**Data records:**

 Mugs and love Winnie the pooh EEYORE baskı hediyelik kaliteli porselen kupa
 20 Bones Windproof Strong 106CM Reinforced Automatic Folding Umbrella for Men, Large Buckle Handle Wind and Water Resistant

--

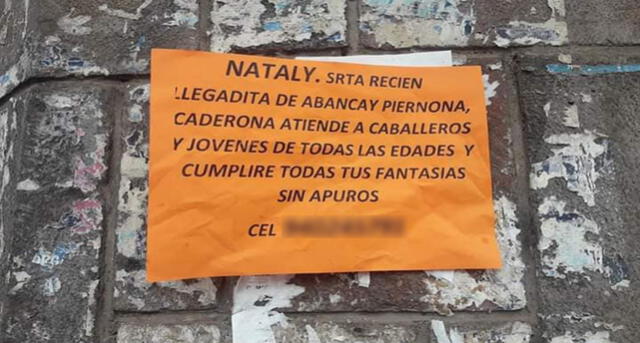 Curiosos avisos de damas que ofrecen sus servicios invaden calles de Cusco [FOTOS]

**Your assignment:** Please copy the lines above from the line with "Mugs and love" up to and including the line with "20 Bones Windproof", exactly as written and with nothing else.

**Written answer:**
 Mugs and love Winnie the pooh EEYORE baskı hediyelik kaliteli porselen kupa
 20 Bones Windproof Strong 106CM Reinforced Automatic Folding Umbrella for Men, Large Buckle Handle Wind and Water Resistant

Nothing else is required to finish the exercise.